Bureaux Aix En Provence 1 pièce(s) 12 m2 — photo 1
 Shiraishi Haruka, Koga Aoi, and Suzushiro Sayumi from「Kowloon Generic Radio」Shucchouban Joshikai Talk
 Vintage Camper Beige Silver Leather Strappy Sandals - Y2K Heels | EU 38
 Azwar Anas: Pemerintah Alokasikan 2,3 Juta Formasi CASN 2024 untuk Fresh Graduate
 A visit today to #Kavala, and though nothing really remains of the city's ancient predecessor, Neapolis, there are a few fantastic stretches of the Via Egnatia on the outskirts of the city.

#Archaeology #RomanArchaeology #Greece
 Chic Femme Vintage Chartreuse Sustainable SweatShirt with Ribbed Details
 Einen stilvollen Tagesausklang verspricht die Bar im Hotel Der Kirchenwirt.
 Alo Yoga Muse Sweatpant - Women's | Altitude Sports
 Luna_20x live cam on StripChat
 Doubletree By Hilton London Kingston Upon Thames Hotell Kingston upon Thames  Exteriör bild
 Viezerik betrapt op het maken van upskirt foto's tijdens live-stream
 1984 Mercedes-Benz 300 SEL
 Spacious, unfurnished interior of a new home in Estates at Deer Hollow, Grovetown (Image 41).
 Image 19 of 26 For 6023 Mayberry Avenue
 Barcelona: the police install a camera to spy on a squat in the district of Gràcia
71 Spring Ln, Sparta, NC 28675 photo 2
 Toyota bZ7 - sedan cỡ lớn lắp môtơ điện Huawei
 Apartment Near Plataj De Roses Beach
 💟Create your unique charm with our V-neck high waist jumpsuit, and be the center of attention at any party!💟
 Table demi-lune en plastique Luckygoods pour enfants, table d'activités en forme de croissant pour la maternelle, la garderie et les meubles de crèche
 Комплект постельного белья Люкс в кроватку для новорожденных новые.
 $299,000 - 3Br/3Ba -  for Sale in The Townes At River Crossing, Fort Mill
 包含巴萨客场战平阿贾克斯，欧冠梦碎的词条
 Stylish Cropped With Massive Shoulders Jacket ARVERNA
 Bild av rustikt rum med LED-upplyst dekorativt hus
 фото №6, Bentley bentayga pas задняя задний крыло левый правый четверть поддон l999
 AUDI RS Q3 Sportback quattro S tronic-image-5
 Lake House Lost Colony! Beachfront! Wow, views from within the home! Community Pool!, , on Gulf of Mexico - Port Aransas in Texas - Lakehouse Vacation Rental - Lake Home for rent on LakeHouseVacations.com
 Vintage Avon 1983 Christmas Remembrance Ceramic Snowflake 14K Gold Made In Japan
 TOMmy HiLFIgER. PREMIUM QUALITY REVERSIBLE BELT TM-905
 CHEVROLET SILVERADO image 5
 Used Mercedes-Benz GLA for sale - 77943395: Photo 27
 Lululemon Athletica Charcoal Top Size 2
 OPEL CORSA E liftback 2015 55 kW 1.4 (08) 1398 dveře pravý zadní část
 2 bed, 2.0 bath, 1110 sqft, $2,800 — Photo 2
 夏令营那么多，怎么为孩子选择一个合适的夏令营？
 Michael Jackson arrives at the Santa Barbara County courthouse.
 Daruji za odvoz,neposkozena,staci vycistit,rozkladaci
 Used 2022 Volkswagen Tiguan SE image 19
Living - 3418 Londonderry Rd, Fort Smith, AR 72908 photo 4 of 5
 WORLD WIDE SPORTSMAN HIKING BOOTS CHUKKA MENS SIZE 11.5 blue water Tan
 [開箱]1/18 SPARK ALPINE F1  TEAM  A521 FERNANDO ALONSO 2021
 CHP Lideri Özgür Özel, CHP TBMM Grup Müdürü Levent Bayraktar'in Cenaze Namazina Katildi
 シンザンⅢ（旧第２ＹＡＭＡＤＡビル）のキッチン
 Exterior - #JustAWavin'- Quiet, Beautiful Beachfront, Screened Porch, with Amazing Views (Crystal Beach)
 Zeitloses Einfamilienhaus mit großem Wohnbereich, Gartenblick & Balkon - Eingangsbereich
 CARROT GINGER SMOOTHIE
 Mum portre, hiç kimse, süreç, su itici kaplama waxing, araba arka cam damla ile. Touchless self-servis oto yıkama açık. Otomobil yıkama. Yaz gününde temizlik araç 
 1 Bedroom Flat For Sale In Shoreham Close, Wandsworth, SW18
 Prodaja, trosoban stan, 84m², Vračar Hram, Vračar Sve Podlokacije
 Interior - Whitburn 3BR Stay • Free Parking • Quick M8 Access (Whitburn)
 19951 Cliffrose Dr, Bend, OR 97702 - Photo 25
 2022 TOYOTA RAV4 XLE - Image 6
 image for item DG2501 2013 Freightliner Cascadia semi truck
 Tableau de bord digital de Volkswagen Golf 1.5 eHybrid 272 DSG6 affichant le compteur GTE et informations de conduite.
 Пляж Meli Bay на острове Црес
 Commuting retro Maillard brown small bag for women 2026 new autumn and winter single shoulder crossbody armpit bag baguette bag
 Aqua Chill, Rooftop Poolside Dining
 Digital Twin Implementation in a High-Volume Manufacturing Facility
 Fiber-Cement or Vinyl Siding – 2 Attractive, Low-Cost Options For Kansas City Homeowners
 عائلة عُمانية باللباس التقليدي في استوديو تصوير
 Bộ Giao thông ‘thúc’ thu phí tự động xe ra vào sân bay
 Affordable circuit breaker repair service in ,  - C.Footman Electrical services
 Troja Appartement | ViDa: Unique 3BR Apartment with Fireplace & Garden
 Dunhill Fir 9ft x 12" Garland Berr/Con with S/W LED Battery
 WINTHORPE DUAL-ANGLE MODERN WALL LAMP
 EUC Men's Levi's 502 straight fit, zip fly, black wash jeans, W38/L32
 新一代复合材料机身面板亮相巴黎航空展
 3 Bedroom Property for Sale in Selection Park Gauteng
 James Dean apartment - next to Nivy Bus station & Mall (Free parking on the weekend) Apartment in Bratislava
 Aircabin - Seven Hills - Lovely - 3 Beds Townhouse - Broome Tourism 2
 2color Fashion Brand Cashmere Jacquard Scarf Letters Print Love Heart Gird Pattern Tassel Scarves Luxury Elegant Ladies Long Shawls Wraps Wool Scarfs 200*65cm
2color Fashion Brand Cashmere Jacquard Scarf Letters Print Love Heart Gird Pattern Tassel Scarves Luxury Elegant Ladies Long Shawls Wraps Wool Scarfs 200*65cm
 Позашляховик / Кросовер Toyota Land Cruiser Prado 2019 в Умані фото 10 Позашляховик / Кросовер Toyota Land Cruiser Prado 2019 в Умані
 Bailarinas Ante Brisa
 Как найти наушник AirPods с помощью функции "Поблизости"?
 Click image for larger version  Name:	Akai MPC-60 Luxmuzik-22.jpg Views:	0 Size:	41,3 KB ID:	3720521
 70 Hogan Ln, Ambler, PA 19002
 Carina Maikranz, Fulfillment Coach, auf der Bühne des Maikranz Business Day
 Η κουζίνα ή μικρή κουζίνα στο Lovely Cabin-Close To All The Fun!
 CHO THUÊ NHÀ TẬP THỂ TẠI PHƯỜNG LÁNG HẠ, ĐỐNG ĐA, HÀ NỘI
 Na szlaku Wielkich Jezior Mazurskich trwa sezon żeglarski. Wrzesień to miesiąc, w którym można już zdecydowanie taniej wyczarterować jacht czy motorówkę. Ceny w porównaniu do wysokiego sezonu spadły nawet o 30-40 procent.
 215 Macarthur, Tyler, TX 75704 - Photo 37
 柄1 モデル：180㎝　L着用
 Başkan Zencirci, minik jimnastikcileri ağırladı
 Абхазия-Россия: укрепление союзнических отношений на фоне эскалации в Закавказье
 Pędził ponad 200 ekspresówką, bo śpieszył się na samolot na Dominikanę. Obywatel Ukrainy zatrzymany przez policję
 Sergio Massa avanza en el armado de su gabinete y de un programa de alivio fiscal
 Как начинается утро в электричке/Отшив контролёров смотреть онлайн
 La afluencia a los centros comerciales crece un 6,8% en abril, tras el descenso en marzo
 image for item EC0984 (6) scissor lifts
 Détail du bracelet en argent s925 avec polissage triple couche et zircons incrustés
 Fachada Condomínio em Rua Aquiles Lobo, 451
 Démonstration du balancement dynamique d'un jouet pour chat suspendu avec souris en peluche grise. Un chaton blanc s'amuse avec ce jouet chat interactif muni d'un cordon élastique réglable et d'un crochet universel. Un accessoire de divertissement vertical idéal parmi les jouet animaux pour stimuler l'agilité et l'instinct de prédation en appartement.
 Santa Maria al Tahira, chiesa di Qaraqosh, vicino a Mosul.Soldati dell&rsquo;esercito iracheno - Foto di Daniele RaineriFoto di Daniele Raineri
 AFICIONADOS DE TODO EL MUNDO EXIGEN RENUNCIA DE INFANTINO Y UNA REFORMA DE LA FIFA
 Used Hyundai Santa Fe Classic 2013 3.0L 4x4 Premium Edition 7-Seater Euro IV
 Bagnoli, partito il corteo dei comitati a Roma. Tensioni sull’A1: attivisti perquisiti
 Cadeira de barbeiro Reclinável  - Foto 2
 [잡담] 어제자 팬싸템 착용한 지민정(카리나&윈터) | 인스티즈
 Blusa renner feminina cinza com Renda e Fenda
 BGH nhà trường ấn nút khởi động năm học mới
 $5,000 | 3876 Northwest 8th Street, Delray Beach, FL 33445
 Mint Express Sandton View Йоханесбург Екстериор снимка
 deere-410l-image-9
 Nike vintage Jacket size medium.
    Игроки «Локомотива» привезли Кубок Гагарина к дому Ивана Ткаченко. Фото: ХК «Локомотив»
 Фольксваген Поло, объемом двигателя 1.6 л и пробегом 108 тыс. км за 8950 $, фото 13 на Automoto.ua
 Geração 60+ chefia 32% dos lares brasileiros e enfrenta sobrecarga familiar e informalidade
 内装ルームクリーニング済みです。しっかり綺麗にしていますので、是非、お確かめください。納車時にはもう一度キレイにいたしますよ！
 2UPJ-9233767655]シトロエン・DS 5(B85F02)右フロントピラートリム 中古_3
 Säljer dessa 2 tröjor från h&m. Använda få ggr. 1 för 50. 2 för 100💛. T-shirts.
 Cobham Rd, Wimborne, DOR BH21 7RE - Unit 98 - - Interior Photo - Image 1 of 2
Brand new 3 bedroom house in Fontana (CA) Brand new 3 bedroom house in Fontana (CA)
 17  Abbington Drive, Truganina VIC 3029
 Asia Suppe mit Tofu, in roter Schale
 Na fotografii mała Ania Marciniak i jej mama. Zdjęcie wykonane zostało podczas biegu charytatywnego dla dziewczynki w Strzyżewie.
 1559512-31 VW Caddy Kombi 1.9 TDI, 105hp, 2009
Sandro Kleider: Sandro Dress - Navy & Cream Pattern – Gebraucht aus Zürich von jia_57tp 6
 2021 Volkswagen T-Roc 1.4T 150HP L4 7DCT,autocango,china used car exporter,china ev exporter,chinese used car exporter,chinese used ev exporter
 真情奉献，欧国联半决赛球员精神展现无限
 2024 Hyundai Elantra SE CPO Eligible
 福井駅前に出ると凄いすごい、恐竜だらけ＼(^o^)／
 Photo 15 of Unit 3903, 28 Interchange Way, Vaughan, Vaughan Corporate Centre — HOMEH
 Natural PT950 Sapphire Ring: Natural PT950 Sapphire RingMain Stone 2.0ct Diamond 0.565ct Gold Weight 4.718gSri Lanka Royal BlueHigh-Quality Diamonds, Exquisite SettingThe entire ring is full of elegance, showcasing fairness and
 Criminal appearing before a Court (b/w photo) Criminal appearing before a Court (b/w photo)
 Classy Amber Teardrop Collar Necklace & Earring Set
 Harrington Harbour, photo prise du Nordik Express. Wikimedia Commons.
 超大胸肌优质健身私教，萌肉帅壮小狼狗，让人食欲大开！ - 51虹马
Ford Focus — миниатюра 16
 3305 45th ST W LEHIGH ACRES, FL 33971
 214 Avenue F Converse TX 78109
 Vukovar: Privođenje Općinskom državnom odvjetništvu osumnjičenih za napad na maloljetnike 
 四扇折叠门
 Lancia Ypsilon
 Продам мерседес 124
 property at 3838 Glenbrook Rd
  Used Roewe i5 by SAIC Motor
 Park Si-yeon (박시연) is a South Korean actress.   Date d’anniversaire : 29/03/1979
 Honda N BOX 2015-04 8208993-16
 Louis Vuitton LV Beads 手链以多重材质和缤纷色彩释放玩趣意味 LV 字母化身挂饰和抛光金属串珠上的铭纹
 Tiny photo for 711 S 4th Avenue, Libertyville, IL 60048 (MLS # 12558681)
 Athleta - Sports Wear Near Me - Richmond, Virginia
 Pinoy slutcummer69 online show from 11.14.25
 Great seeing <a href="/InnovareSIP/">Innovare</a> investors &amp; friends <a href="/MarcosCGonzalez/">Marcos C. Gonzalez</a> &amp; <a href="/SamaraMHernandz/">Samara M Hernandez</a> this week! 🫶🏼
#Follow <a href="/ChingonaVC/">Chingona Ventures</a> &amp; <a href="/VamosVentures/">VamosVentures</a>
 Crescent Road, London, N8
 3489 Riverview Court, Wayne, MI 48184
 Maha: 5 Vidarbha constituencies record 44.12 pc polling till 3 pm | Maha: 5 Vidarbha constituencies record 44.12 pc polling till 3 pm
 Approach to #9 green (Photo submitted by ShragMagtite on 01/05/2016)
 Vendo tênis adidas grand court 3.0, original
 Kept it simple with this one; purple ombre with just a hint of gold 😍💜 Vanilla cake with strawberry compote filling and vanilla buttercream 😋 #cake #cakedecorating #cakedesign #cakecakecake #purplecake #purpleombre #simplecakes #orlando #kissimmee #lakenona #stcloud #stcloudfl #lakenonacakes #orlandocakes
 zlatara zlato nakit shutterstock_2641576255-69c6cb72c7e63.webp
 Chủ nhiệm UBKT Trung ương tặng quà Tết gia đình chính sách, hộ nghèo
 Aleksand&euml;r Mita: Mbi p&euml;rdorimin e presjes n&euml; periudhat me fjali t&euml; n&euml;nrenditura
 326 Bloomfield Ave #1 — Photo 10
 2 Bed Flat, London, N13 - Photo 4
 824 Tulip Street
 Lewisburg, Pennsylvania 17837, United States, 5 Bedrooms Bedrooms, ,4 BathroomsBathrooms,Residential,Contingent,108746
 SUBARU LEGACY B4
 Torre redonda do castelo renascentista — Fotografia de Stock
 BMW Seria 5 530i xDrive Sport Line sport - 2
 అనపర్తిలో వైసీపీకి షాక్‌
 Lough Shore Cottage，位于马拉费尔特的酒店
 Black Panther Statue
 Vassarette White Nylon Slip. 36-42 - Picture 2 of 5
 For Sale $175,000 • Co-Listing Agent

--

-- Your objective --
Please go through the data above and copy each line containing the word "Print".

-- Answer box --
 2color Fashion Brand Cashmere Jacquard Scarf Letters Print Love Heart Gird Pattern Tassel Scarves Luxury Elegant Ladies Long Shawls Wraps Wool Scarfs 200*65cm
2color Fashion Brand Cashmere Jacquard Scarf Letters Print Love Heart Gird Pattern Tassel Scarves Luxury Elegant Ladies Long Shawls Wraps Wool Scarfs 200*65cm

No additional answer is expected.